Also, is there any reason to use a schema name with a capital letter as an
example? IMO that just adds unnecessary complexity to the example.
+$node->issues_sql_like(
+ [ 'vacuumdb', '--schema', '"Foo"', 'postgres' ],
+ qr/VACUUM "Foo".*/,
+ 'vacuumdb --schema schema only');
IIUC there should only be one table in the schema. Can we avoid matching
"*" and check for the exact command instead?
I think there should be a few more test cases. For example, we should test
using -n and -N at the same time, and we should test what happens when
those options are used for missing schemas.
+ /*
+ * When filtering on schema name, filter by table is not allowed.

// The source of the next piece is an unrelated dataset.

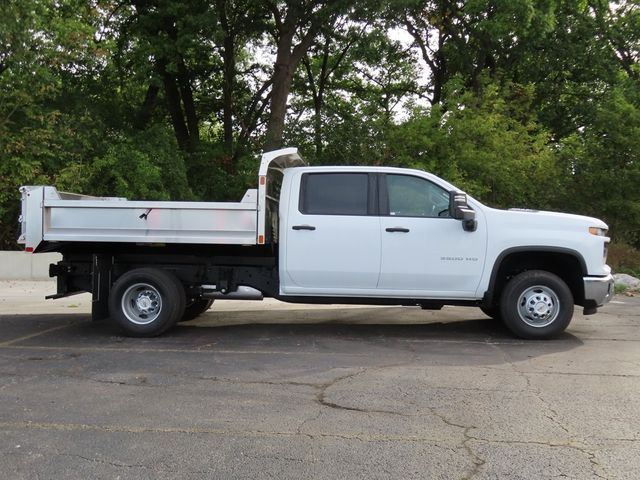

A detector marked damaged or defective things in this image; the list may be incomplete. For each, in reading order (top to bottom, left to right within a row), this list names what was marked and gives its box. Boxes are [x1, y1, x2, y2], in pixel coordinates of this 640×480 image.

cracked asphalt [1, 282, 640, 480]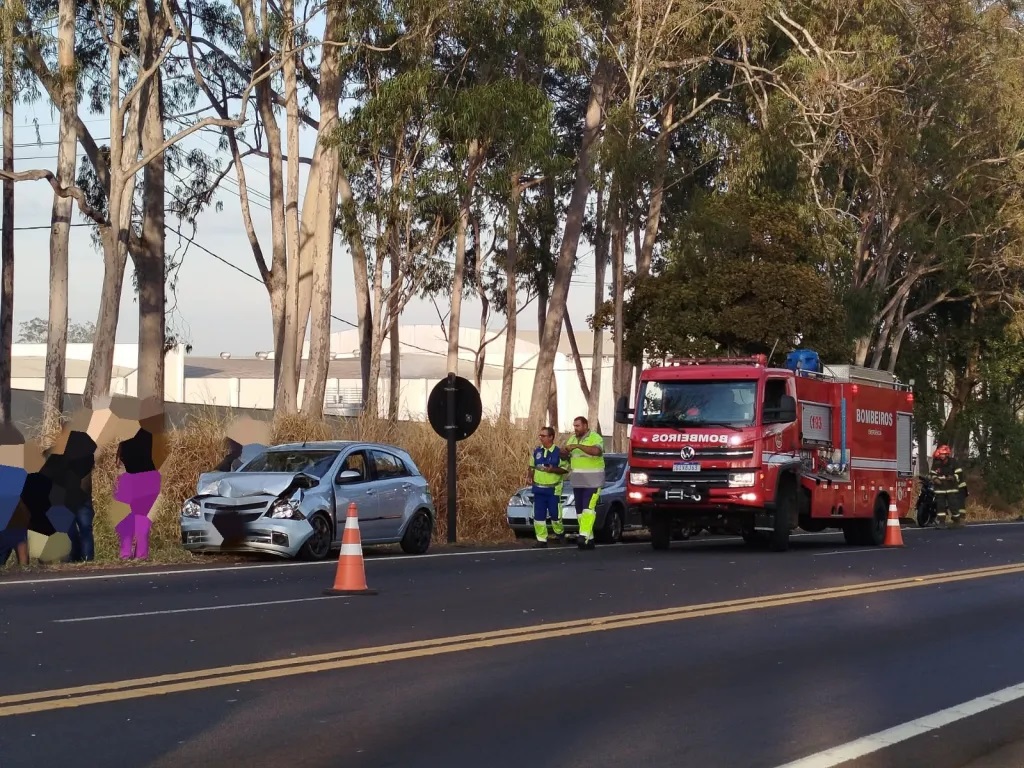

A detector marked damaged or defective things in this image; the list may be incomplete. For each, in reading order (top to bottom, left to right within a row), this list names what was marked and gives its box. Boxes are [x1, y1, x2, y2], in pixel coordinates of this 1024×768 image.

crumpled car hood [193, 473, 317, 501]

+ * The schema name can already be set to a fqdn table name.
+ */
+ if (tbl_count && (schemas.head != NULL))
+ {
+ pg_log_error("cannot vacuum all tables in schema(s) and specific table(s) at the same time");
+ exit(1);
+ }
I think there might be some useful refactoring we can do that would
simplify adding similar options in the future. Specifically, can we have a
global variable that stores the type of vacuumdb command (e.g., all,
tables, or schemas)? If so, perhaps the tables list could be renamed and
reused for schemas (and any other objects that need listing in the future).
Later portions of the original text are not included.